En este umbral del siglo XXI en que se emprende todo tipo de revisiones de lo ocurrido en la centuria que está por concluir, en medio de una ciudad asfixiada por calores primaverales desusadamente intensos y prolongados, por masas de humo producto de los incendios devastadores que amenazan con destruir los pocos bosques que la circundan, agobiada por la explosión demográfica y los flujos migratorios que la han convertido en la urbe más poblada del mundo, nada más estimulante que poder transportarse a los lustros --y algo más-- que cubren preferentemente el segundo cuarto de este siglo y recordar, descubrir, gracias a la entrañable recreación que Enrique Creel hace en su libro El color del cristal (Editorial Diana), a un país que se abre paso en el camino de la modernidad y en él, por supuesto, a su emblemática capital: ``Todos la vimos crecer y transformarse''.
Cuando el autor escribe las memorias de sus primeros 25 años de vida, al tiempo que construye al personaje --nacido en 1927--, a su familia y antepasados, sus estirpes y los clanes con su estructura feudal, sus amigos, maestros, conocidos, y toda clase de figurantes --recreados con buen sentido del humor y con mirada crítica--, también reconstruye esta ciudad de México con sus barrios y paseos, sus construcciones, su Centro Histórico, sus escuelas, facultades, centros culturales, cenáculos, ateneos y salones literarios; sus ladies bar, bares y cantinas, sus centros nocturnos, rescatado todo desde la experiencia personal en la que: ``Los jóvenes buscábamos la esencia de la ciudad como punto de partida para iniciar nuestro propio desarrollo''.

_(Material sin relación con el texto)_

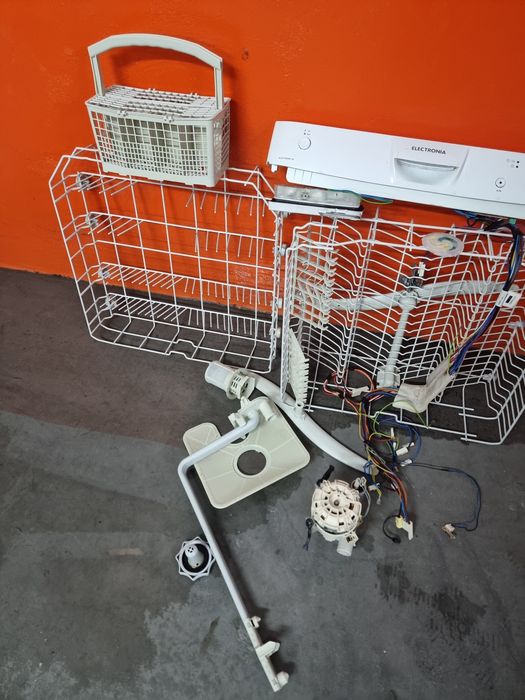 Peças e motor máquina de lavar loiça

Como contrapunto de la urbe, y en una integración orgánica que ``nos remite a un México lejano, cada día más difícil de recuperar'' toman cuerpo en el relato el ingenio morelense de Oacalco, con su casco de hacienda atribuido a Manuel Tolsá, y la presencia aún no tan lejana de Zapata y la Revolución; también la hacienda magueyera de Ometusco, que adscribe a sus propietarios a esa ``aristocracia pulquera'' que bautizara don Daniel Cosío Villegas, en ``(...) los años treinta, cuando los patrimonios se esfumaban de la noche a la mañana''.
Si bien durante los gobiernos de Lázaro Cárdenas, Manuel Avila Camacho y Miguel Alemán resulta cada vez más evidente el cambio que el país está sufriendo, en el relato que Enrique Creel hace se vuelve patente la persistencia del siglo XIX con sus valores, prácticas, costumbres y creencias, en particular los de ``una clase cuyas preocupaciones básicas consistían en mantener la privilegiada posición social que habían conservado a través de los años e imponer en su descendencia un código de conducta rigorista y autoritario, fundado en su interpretación de la moral cristiana y en un muy estrecho concepto de la vida''.

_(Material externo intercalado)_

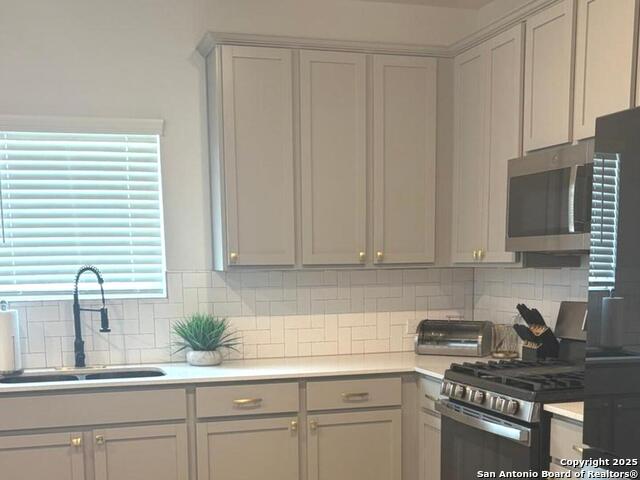 9151 Portobello Way, Converse, Texas image 3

Pronto el adolescente, reactivado por su inmersión en la educación lasallista, es consciente de cómo se había moldeado en su persona y sin su consentimiento un proyecto humano que estaba muy lejos de satisfacerle; cómo se había trabajado para dotarlo de una conciencia de clase burguesa que marcara su comportamiento vital. Y esta experiencia detonará su distanciamiento crítico, por igual de los representantes de una flamante plutocracia enriquecida con la Revolución, que de sus antepasados nuevos ricos que emergieron durante el juarismo y el porfiriato.

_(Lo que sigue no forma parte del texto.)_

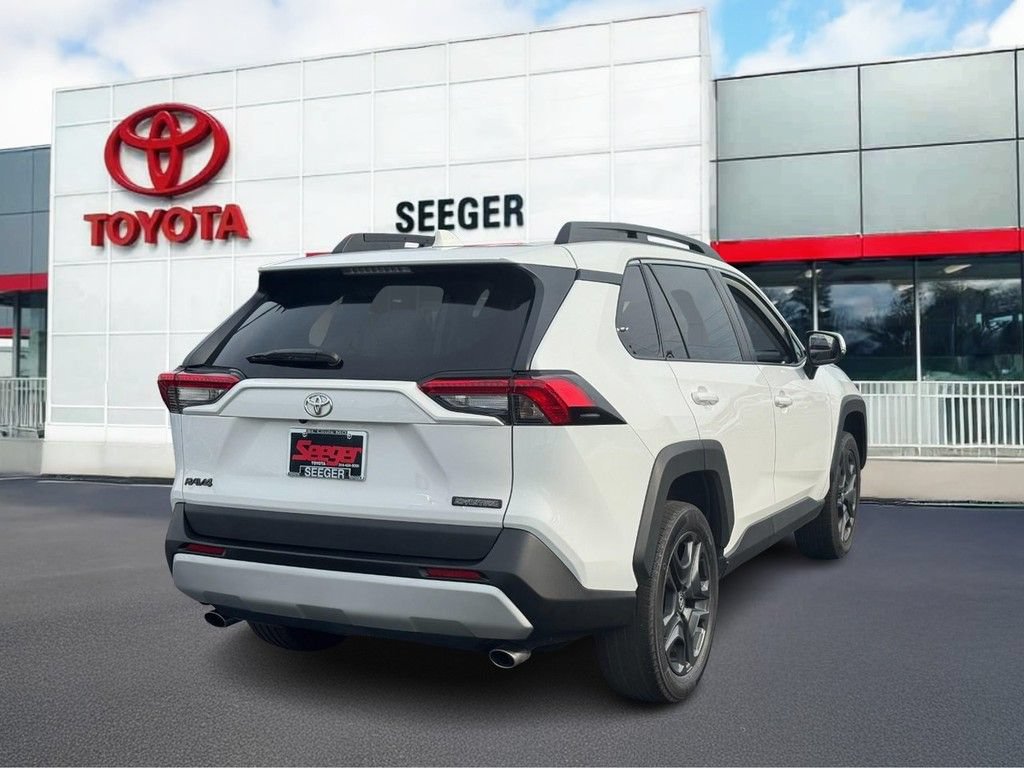 Used 2024 Toyota RAV4 Adventure AWD/4WD image 3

Ahí está el bisabuelo Luis Terrazas, el general amigo de Benito Juárez, quien consolidó el imperio ganadero más grande del mundo en ese norte del país en el que, años más tarde, la Revolución lucharía no tanto por el reparto de tierras como por la distribución de la riqueza concentrada en pocas manos, en un estado del que se preguntaba: ``¿Los Terraza son de Chihuahua?'', respondiéndose: ``No, Chihuahua es de los Terraza''.
La siguiente generación establece vínculos con el porfiriato. Ahí esta el abuelo Enrique Creel --retratado por Gedovius-- quien se incorporó al grupo de los Científicos, fundó el Banco Central Mexicano y se le conoce como padre del fideicomiso en México; construyó el ferrocarril Chihuahua-Pacífico, fue gobernador de Chihuahua y, siendo amigo cercano de Porfirio Díaz, embajador en Washington y, en las postrimerías de su régimen, secretario de Relaciones Exteriores. Y también el tío abuelo Francisco León de la Barra, presidente interino en 1911, y el tío abuelo por línea materna, Javier Torres Rivas, patriarca del clan que presidió desde la casona de la avenida Chapultepec y la hacienda pulquera de Ometusco.